→ WORK REQUEST: Could you reproduce, from the records below, everything from the line with "Turbodmychadlo Нагнетатель A2710902080, 307961" down to the line with "Main image of", keeping both of those lines and changing nothing?

→ RECORDS SUPPLIED:
%%

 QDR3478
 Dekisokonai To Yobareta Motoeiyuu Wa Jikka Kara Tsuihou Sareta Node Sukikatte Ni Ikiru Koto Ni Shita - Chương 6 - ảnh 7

%%
%%

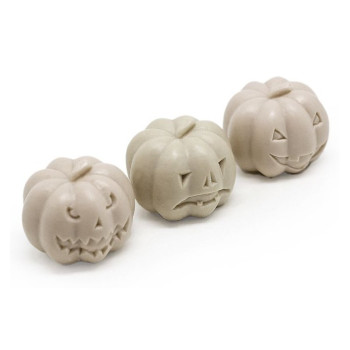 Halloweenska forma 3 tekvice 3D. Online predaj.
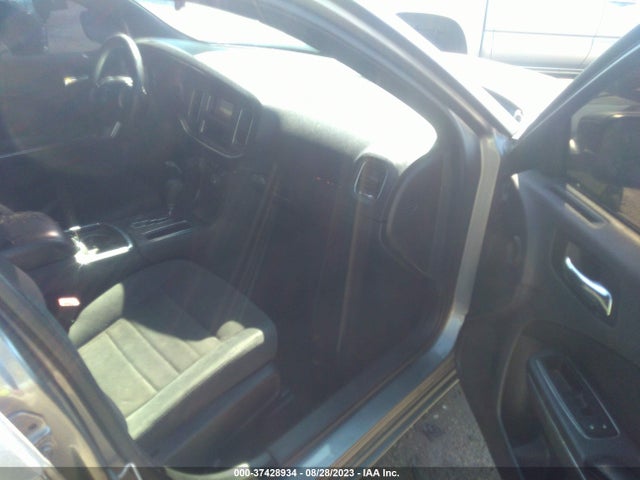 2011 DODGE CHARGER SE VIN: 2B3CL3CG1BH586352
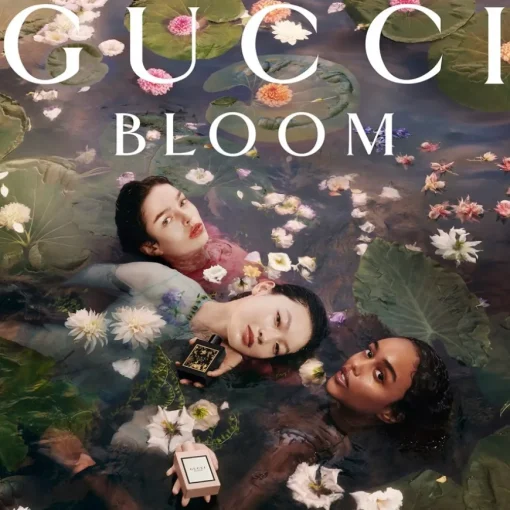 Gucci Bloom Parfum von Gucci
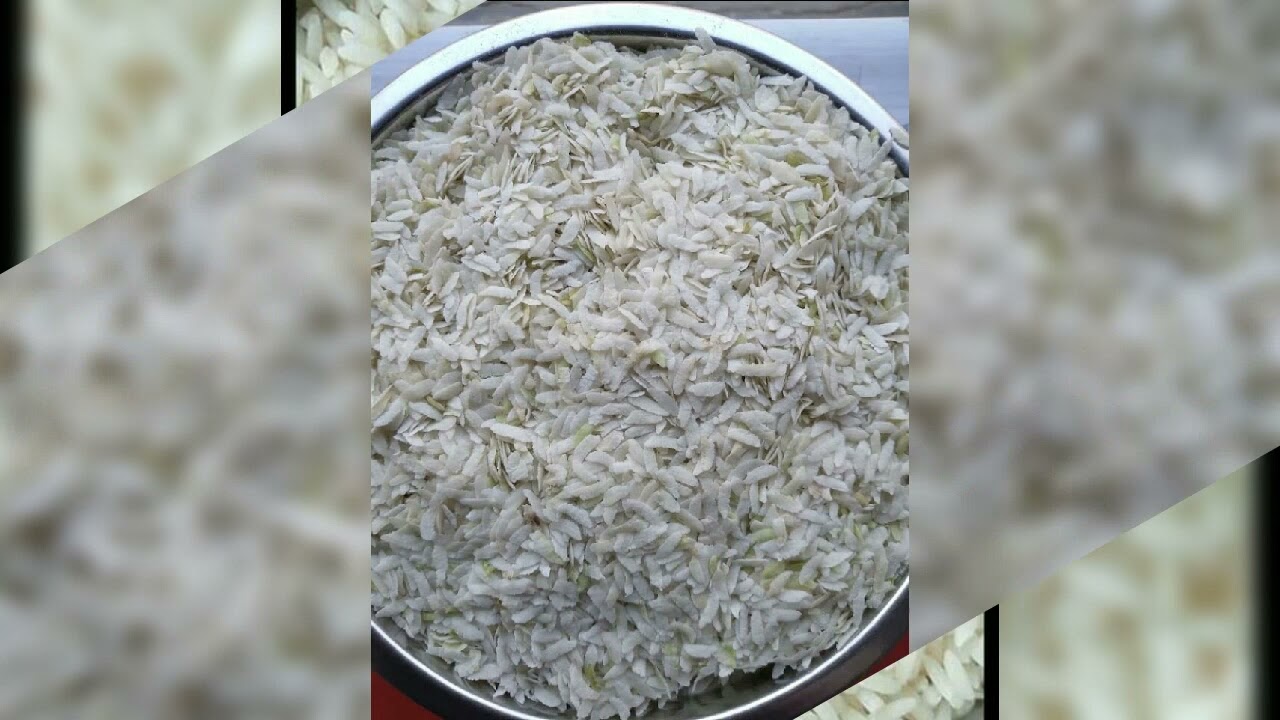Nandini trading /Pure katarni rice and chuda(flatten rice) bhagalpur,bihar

%%
%%

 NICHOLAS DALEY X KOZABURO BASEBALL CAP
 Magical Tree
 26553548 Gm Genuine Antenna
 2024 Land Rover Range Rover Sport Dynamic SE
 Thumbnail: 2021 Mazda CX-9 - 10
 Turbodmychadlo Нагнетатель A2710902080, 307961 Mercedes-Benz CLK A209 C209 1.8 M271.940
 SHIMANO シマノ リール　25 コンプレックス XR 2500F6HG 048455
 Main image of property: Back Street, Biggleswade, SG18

%%

→ COMPLETED TASK:
 Turbodmychadlo Нагнетатель A2710902080, 307961 Mercedes-Benz CLK A209 C209 1.8 M271.940
 SHIMANO シマノ リール　25 コンプレックス XR 2500F6HG 048455
 Main image of property: Back Street, Biggleswade, SG18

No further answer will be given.